İlk duruşmada mahkemenin on kişi sınırı koyduğunu ve gazeteciler başta birçok kişinin salona giremediğini söyleyen Öztürk, duruşmadan çıkınca insanların merak ettiğini ve nasıl geçtiğini sorduğunu aktardı. "Nasıl geçtiğini anlatırken engel olmaya çalıştılar. Mümkün oldukça sesimi duyurmaya çalıştım" diyen Öztürk, ilk duruşmada hakkında ceza istenerek işkencenin savunulduğunun altını çizdi.

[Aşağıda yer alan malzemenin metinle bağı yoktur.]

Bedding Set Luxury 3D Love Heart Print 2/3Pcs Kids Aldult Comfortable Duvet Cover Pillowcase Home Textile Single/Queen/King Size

'YAŞADIKLARIMLA BAŞKALARINA MESAJ VERMEK İSTİYORLAR'
2. duruşmada karar çıkmasını beklediklerini dile getiren Öztürk, şu ifadelerle devam etti: "Yarınki duruşmada yan yana olmak şu bakımdan önemli. İşkence artık rutine döndü, ülkemizde işkenceye maruz kalmayan kimse kalmadı; gazeteciler, kayıp yakınları, milletvekilleri, gençler. Son birkaç haftadır her gün devrimcilere dönük operasyon düzenleniyor, işkencede burnu, kafası kırılan oluyor. İşkence başta devrimcilere yapılıyor evet ama şu an bütün halka gözdağı verilmek isteniyor. Bana açılan davayla da bunu yapmak istiyorlar. Yaşadıklarımla başkasına 'senin de başına gelir' diye mesaj vermek istiyorlar. Bu korkunun yaratılmak istenmesine karşı, susmamak için birlikte olmalıyız. İşkence gerçekten insanlık suçu ve kabul edilemez. İşkenceyi anlatanlar değil işkenceciler yargılansın, gizli işkence merkezleri açıklansın demek için yarın orada olmalıyız."

'İŞKENCEYE KARŞI MÜCADELEM SÜRECEK'
İlk duruşmada yanında olanlara teşekkür eden Öztürk, önünde sonunda mutlaka gerçekler ortaya çıkacak. İşkence karşı ve işkence merkezlerinin açıklanması için mücadele sürecek" dedi.